Conference: ACL 2026
arXiv: 2512.07761
Code: GitHub
Area: AI Safety / LLM Reasoning
Keywords: Multi-turn Jailbreak Attack, Trajectory-Level Optimization, Process Rewards, Reinforcement Learning, Red Teaming

TL;DR

This paper models automated multi-turn jailbreak attacks as a multi-turn reinforcement learning problem and proposes TROJail. By utilizing two heuristic process rewards (over-harm penalization and semantic relevance progression), it alleviates the sparse supervision issue inherent in outcome rewards, significantly improving attack success rates across multiple models and benchmarks.

Background & Motivation

Background: LLMs face safety threats from jailbreak attacks. Multi-turn jailbreak attacks have gained attention as they reflect real-world interaction scenarios. Existing training-based methods use DPO or rejection sampling fine-tuning to optimize the attacker LLM independently at each turn.
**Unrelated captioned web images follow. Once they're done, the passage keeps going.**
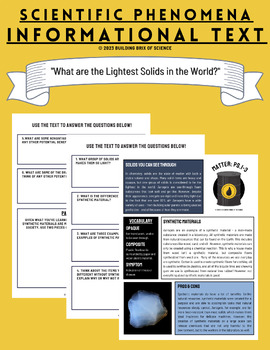 Preview of Synthetic Materials PDF + Digital Guided Reading Activity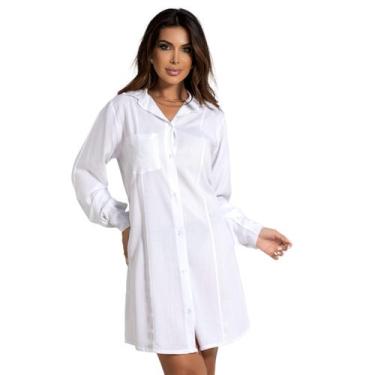 Imagem de Camisa Chemise Feminina Camisão Manga Longa Com Botões Vestido Saída D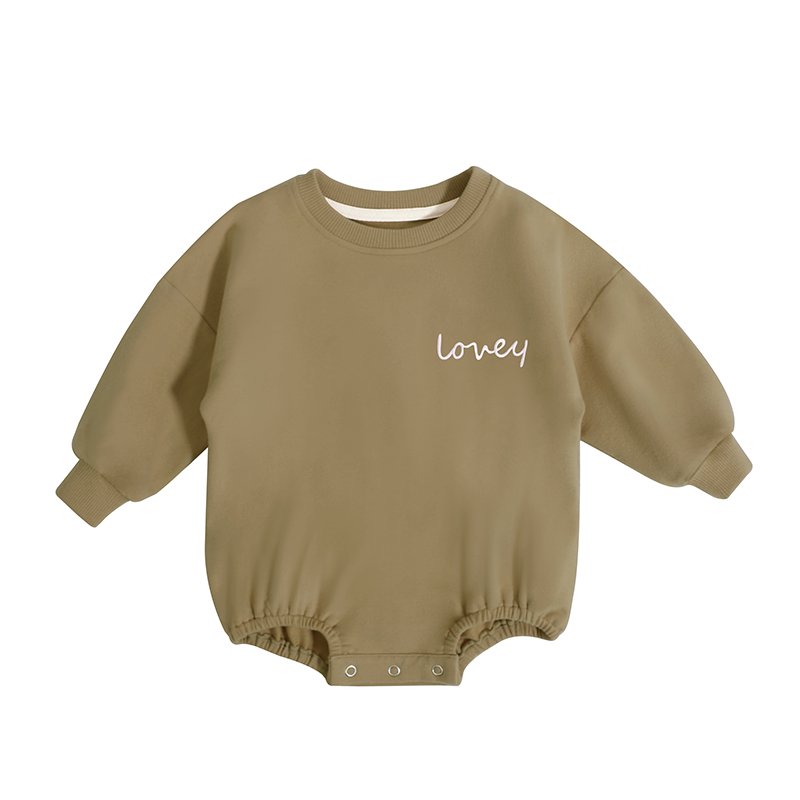 Wholesale Baby Girl Clothes Autumn winter Covered Button Crew Neck Solid Color Organic Cotton French Terry Baby Romper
Limitations of Prior Work: (1) Turn-wise optimization is short-sighted—it maximizes the immediate harmfulness of each response but fails to learn long-term attack strategies across turns; (2) Early prompts that appear harmless but are strategically crucial are undervalued because they do not trigger immediate harmful responses; (3) Tuning-free methods rely on manually designed strategies, require extensive trials, and are prone to failure when the victim model deviates from expectations.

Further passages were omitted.